AVAILABLE DATA:
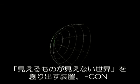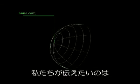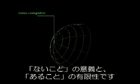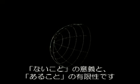By this ICON, which hides something from your view, we want you to realize the significance of absence and the uncertainty of existence.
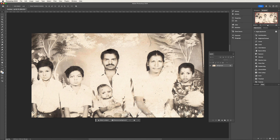So let's dive right into the process. As you can see, we are starting with an old black and white photograph.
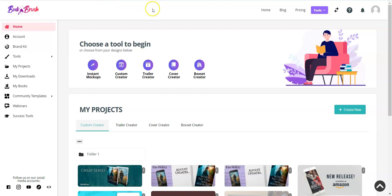Hey! Let's talk about what Book Brush has to offer for Kindle Vella. We'll start in the Cover Creator.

HOW TO COMPLETE THIS TASK: Pictures must not appear in the copy, which must otherwise match the listing exactly.

ANSWER TO THIS EXERCISE:
By this ICON, which hides something from your view, we want you to realize the significance of absence and the uncertainty of existence.
So let's dive right into the process. As you can see, we are starting with an old black and white photograph.
Hey! Let's talk about what Book Brush has to offer for Kindle Vella. We'll start in the Cover Creator.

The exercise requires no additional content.